Monday, Apr. 06, 1931
Kookaburra Finance
Fond and normal though he is as a grandfather, strange as the ways of the Kookaburra* are the financial maneuvers of Premier John Thomas Lang of New South Wales, eccentric Laborite. Weeks ago he proposed to fatten the flabby treasury of his province by issuing "turnip money," i.e. paper money secured not by gold, but by the natural wealth of the country, turnips, mutton, wheat, etc. (TIME, Feb. 23). Dissuaded from this he next proposed that Australia should insist that Great Britain give her as favorable terms of debt settlement as Great Britain had received from the U. S. Last week he went further. On April 1, New South Wales must pay certain bondholders in Britain and the U. S. $4,273,140 in interest. Still riled by what he considers Britain's exorbitant interest charges, Laborite Lang suddenly announced that the State would not pay the $3,646,255 owing to British bondholders, but would pay U. S. holders of the same bonds the $626,885 due them.
There was no surer way of rousing rage. Australians disagree among themselves about almost everything (State jealousy has given the Dominion three separate railway gauges) but they have in common a grand wholehearted despisal of anything and everything to do with the U. S.

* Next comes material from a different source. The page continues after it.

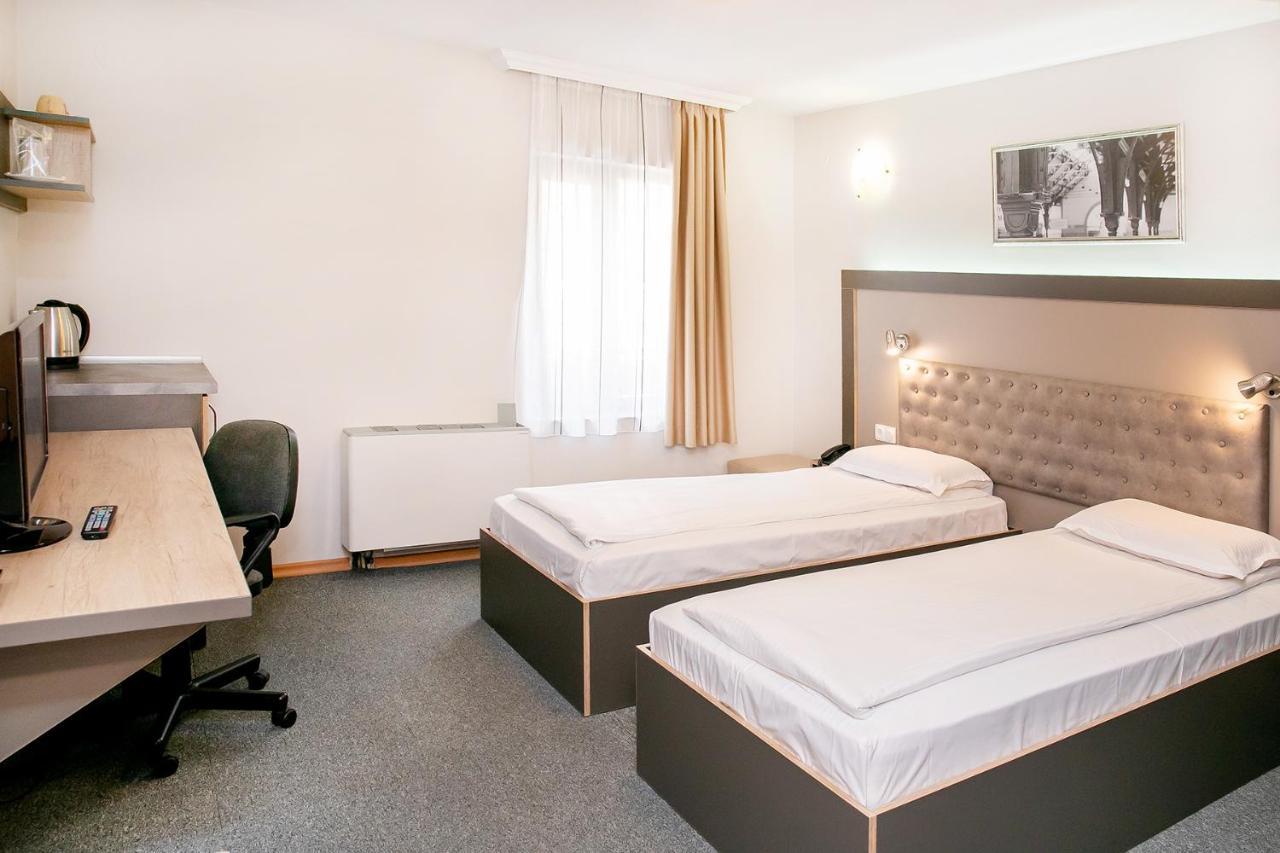 Hotel Niky Sofia Exterior photo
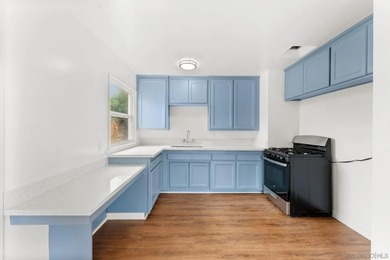 Charming single-story home adjacent to Bay Park featuring 3 - photo 7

"They are paying the foreigner first!" shouted Canberra M. P.'s last week. Dominion Prime Minister James Henry Scullin, more tactful, opined that "the impending default by New South Wales will undoubtedly have a detrimental effect on the good name of the Australian people and on their credit as a nation."
London papers headlined LANG'S MAD DECISION. "Lang has been as bad as his word," said the Manchester Guardian. In the House of Commons, Dominion Secretary Thomas announced that he had received "a most painful surprise." Although U. S. payments were promised, New South Wales bonds dropped on Wall Street from 62 1/2 to 56. Outraged Australians talked darkly of putting the whole state under martial law. Members of the Commonwealth Parliament from northern New South Wales and the Riverina district threatened, like Yancey of Alabama,* to secede.
The Dominion Government, alarmed at the prospect, quickly arranged with London to pay $3,500,000 should Premier Lang really default. London bankers announced that ample Dominion funds were already on deposit in London to do this.
*The Kookaburra, or laughing jackass, is a sharp-beaked Australian kingfisher that kills and swallows snakes, laughs raucously.
*William Lowndes Yancey, pre-Civil WarRepresentative from Alabama, one of the loudest and earliest U. S. secessionist.